Overall, non-financial U.S. corporate debt has grown by $4.3 trillion over the past decade, or 66%, according to the Bank of America report. And some $1 trillion of that is considered "private debt," consisting of loans or other instruments that aren't frequently traded, and thus may have less reliable pricing data.
"If the price of liquidity is steep in high-yield, which is relatively liquid compared to loans and even more so private debt, one needs to appreciate the degree of potential markdowns in those segments in a cyclical turn scenario," according to the analysts.
Big investment firms like Blackstone Group (BX - Get Report) and Apollo Global Management (APO - Get Report) have profited from the binge on junk-grade bonds and loans, relying on them to finance corporate takeovers at unusually low interest rates and increasingly investing directly in the debt itself.

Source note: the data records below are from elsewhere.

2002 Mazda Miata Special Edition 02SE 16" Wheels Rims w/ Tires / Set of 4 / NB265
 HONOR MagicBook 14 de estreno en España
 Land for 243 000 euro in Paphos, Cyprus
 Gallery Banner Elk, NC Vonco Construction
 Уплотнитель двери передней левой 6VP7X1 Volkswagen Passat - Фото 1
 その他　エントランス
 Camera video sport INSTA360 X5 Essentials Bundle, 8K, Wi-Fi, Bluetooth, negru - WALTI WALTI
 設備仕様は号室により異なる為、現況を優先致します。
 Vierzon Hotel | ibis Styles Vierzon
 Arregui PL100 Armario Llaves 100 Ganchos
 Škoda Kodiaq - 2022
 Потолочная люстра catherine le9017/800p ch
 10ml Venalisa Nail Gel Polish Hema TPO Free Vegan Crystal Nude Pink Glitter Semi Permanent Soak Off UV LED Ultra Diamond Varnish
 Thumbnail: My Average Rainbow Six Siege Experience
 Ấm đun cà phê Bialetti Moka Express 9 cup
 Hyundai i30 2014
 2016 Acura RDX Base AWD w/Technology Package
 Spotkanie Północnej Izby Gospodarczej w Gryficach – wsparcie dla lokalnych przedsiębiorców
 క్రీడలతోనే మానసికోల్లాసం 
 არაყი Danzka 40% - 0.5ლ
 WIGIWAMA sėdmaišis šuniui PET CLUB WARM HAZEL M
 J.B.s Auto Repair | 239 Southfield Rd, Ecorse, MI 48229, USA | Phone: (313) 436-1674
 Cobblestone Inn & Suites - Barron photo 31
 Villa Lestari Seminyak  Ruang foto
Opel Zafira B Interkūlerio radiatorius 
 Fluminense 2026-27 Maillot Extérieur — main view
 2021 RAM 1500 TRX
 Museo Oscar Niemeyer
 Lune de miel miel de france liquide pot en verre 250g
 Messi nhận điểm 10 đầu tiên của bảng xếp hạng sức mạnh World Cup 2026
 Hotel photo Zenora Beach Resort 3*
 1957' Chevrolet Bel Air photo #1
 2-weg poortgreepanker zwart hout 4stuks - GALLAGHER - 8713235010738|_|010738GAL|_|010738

Ford Motor (F - Get Report) , the giant U.S. automaker, had its credit rating cut this week to a junk-grade level by Moody's Investors Service, though it still has investment-grade ratings from the other two big grading firms, Standard & Poor's and Fitch.
The split assessment means that Ford bonds won't be designated as junk grade just yet under most investors' definitions. But if that happened, the company would represent the largest single issuer of dollar-denominated junk bonds from an advanced economy, the Bank of America analysts wrote.
For now, the junk-bond market appears buoyant enough to take the news in stride: "This should be a manageable event," according to the Bank of America analysts.
But a downturn in corporate earnings could put severe pressure on the market. An erosion in recent years of contract terms designed to protect lenders and investors in a default means that losses might prove outsize.
"No other question is more important to understanding the cyclical dynamic here than the ability of corporations to turn the corner on anemic earnings growth in coming months and quarters," the analysts wrote. "Stay conservative in credit quality."